**Problem description:** Starting at the line with "Dark Green Bathroom", retype every remaining line of the records exactly. Do not include pictures.

**Dataset extract:**

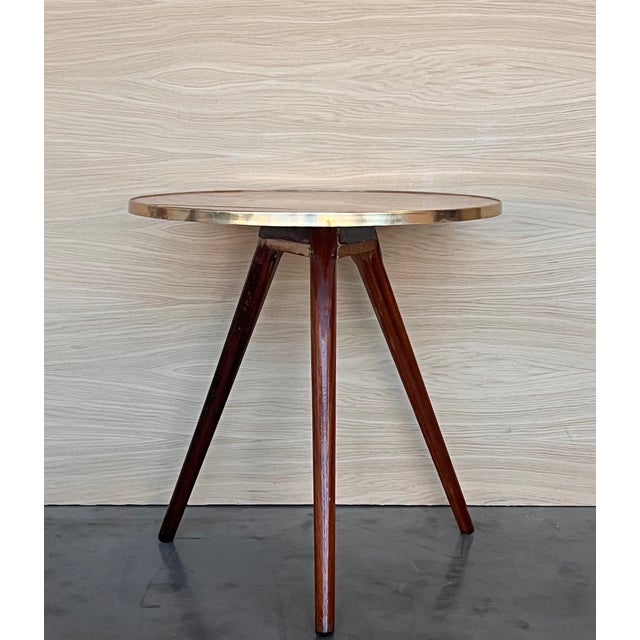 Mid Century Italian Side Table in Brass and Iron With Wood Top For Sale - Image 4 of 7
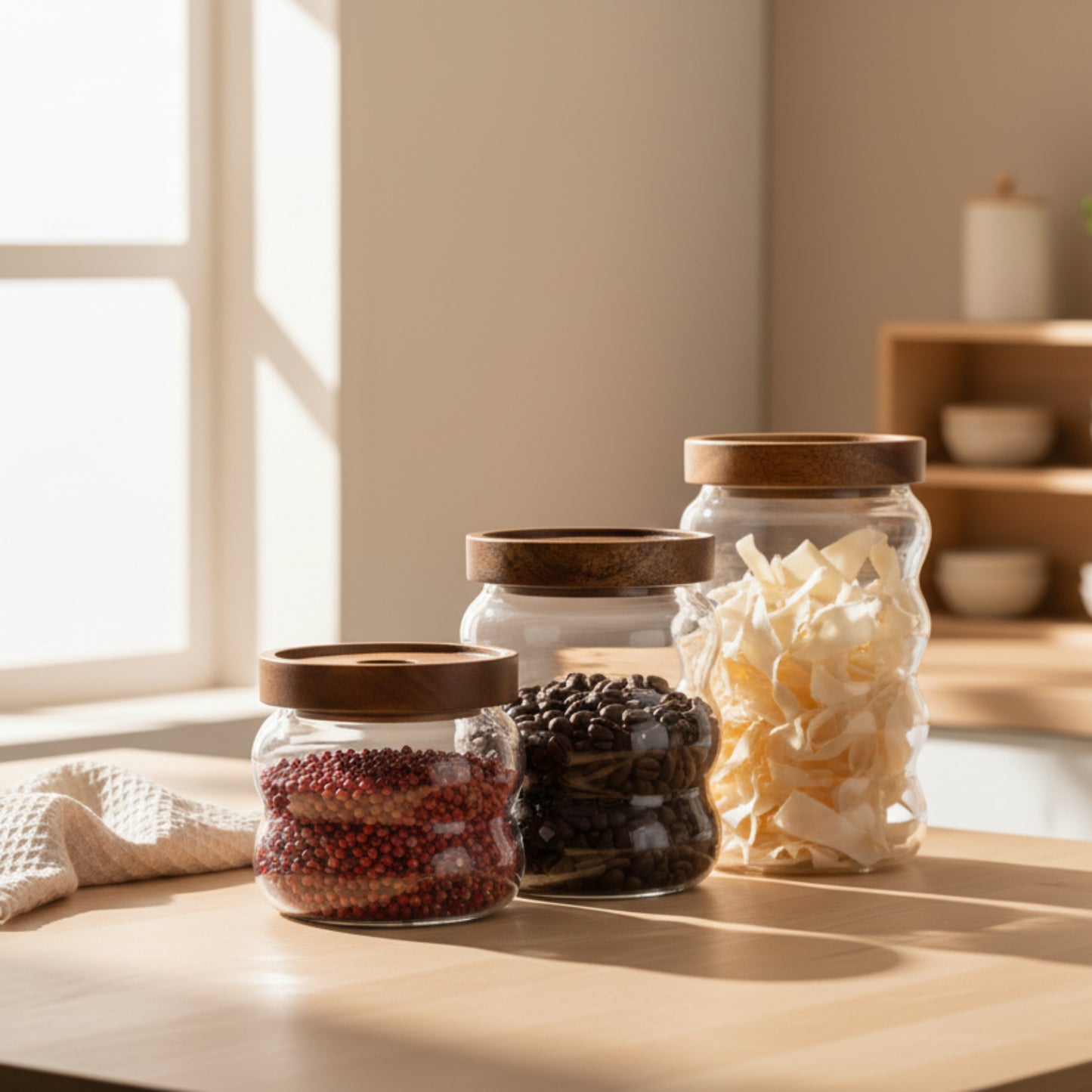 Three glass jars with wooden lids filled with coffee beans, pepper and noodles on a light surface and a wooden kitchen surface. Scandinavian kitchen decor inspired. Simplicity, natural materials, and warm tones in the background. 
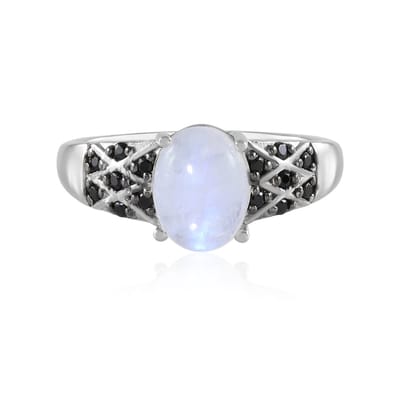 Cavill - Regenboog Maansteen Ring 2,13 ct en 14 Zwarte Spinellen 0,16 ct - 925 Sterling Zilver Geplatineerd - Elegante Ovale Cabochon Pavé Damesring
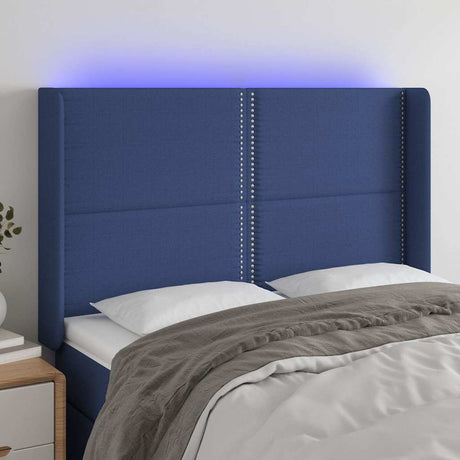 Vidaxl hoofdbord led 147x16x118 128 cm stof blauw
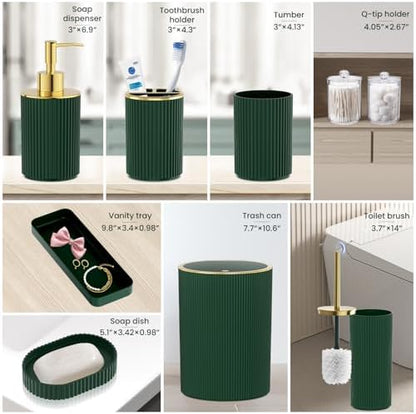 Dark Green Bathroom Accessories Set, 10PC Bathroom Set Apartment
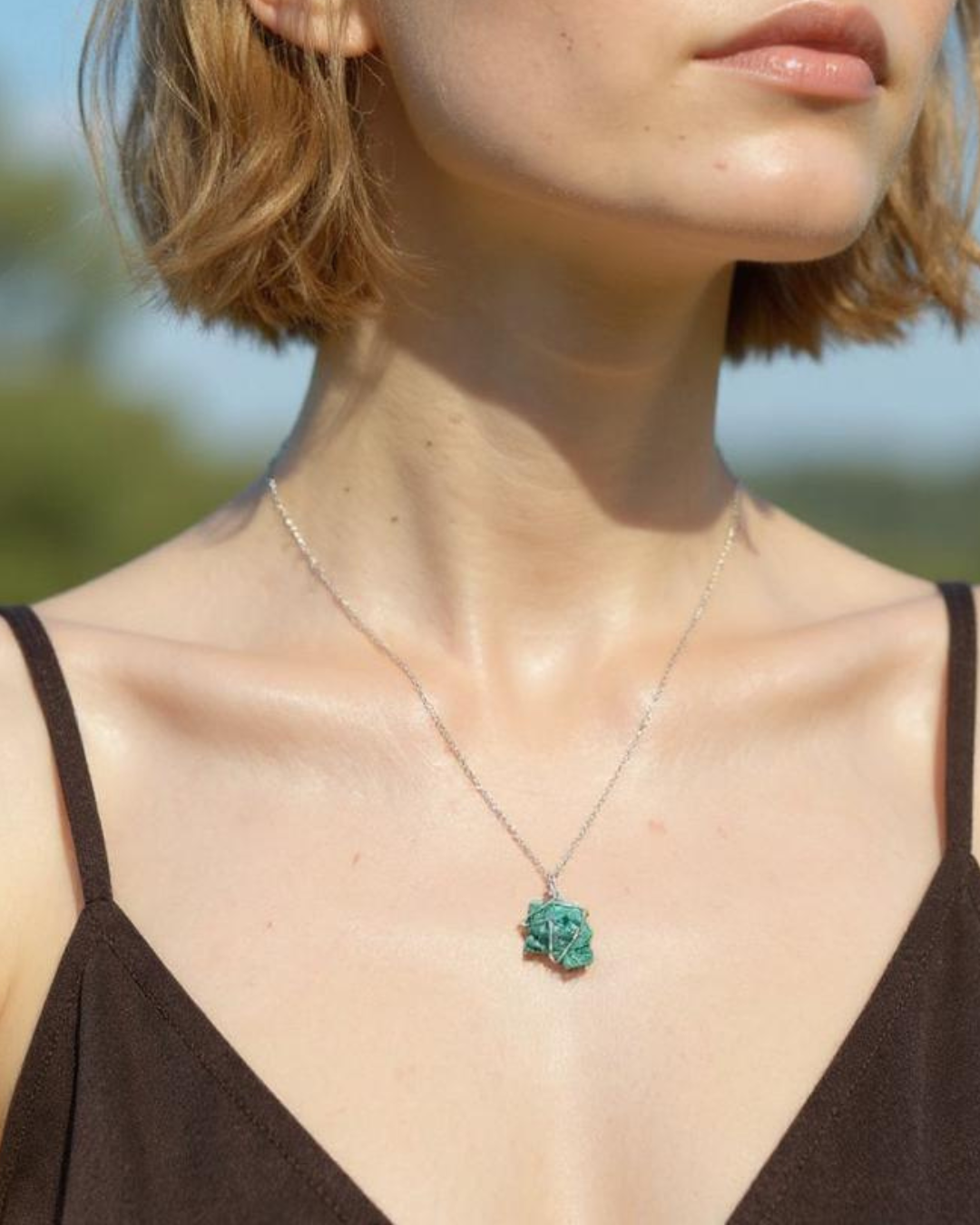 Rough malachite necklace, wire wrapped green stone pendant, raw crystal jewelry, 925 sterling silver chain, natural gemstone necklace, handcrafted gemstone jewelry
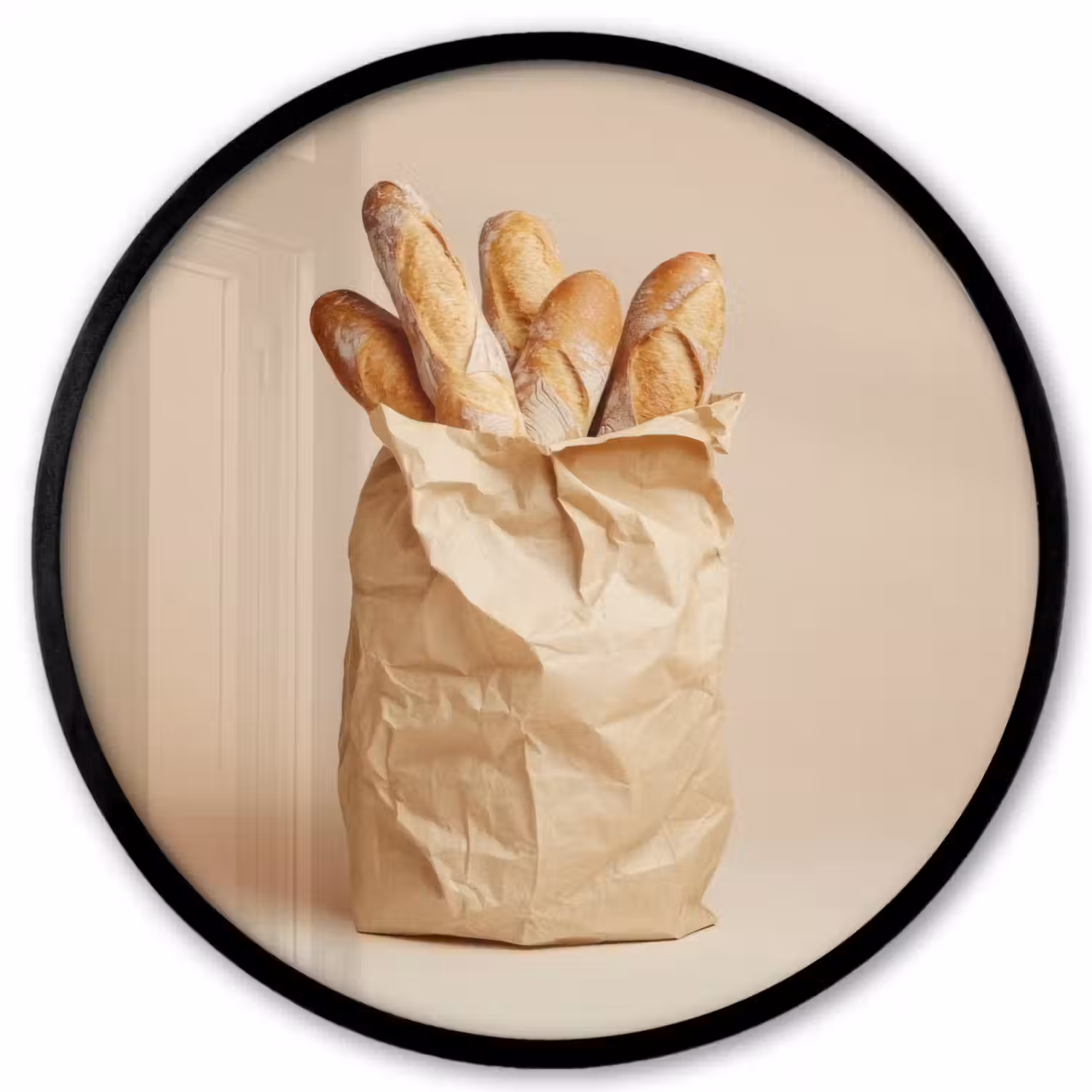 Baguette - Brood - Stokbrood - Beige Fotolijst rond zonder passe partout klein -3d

**Answer area:**
 Dark Green Bathroom Accessories Set, 10PC Bathroom Set Apartment
 Rough malachite necklace, wire wrapped green stone pendant, raw crystal jewelry, 925 sterling silver chain, natural gemstone necklace, handcrafted gemstone jewelry
 Baguette - Brood - Stokbrood - Beige Fotolijst rond zonder passe partout klein -3d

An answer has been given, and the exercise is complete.